J’ai récemment répondu aux questions
d’une étudiante à l’Institut supérieur de marketing du luxe, qui prépare un
mémoire sur les enjeux actuels de l’achat de contrefaçons des produits de luxe
sur Internet.
1) Quelles sont les principales missions du CNAC
et ses enjeux pour le futur ?
Créé en 1995, le CNAC est une structure informelle qui
réunit des acteurs publics et privés concernés par le respect des droits de
propriété intellectuelle et la lutte anti-contrefaçon. Son objectif principal est de faire en sorte que la
défense des droits de propriété intellectuelle occupe une place plus importante
dans l’agenda politique. Avec l’appui de l’INPI – qui assure son secrétariat
général – et de l’Unifab, il mène des actions de communication et de
sensibilisation (campagne de communication sur Internet, conférences
thématiques, rencontres avec des délégations étrangères, etc.). Il formule
également des propositions de réformes législatives et réglementaires.
Les entreprises et les pouvoirs publics collaborent en bonne
intelligence dans le cadre de quatre groupes de travail (sensibilisation
et communication ; coopération internationale ; aspects normatifs et
juridictionnels ; cyber-contrefaçon), qui sont chacun co-présidés par un
représentant du secteur public et un représentant du secteur privé. Ces groupes
de travail favorisent l’échange d’informations et facilitent le partage
de bonnes pratiques.
Pour ce qui concerne le secteur public, je souhaite le renforcement
du pilotage interministériel de la lutte anti-contrefaçon via la mise en
place d’une instance légère de coordination, qui pourrait être une version
élargie de l’actuel comité Bercy contrefaçon.
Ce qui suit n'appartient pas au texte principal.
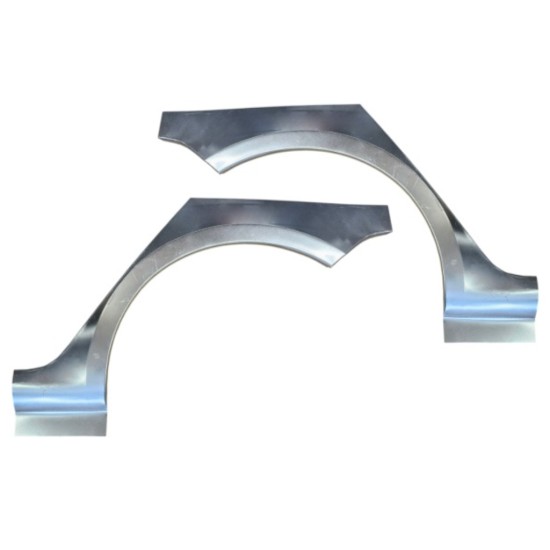 Panneau de réparation arc d'aile arrière pour Skoda Octavia III 2013-2020 / Gauche+Droit / Ensemble 15864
La lutte contre la cyber-contrefaçon est la priorité numéro
un du CNAC. Le défi à relever est d’autant
plus grand que les contrefacteurs ont toujours un train d’avance sur les
industries légitimes et les défenseurs de la propriété intellectuelle.
Outre le renforcement de la responsabilité des
plateformes en ligne (voir infra), il est nécessaire d’impliquer plus
étroitement les intermédiaires de paiement en ligne dans la lutte
anti-contrefaçon afin d’assécher les ressources financières des sites
internet qui contreviennent massivement aux droits de propriété intellectuelle
(stratégie dite « suivez l’argent »).
À cet égard, le CNAC mène une réflexion en vue de la
création d’une procédure de rétro-facturation, sur le modèle du chargeback
canadien. Cette procédure permet à un consommateur de revenir sur son ordre de
paiement et d’être remboursé par sa banque ou la société émettrice de sa carte
bancaire lorsqu’un professionnel ne respecte pas les droits du consommateur.
Afin de frapper les contrefacteurs au portefeuille,
il serait également opportun de s’inspirer de la proposition formulée par
Charles MASSON, docteur en droit et maître de conférences à la faculté de droit
de l’université Paris-Est Créteil. Dans sa thèse, intitulée « La
dualité de l’action en contrefaçon de droit d’auteur : contribution à la
théorie des droits subjectifs », M. MASSON suggère d’instaurer des
dommages-intérêts restitutoires, qui viendrait s’ajouter aux
dommages-intérêts réparatoires. Le montant de ces dommages-intérêts
correspondrait « à tout ou partie des bénéfices bruts de la contrefaçon ».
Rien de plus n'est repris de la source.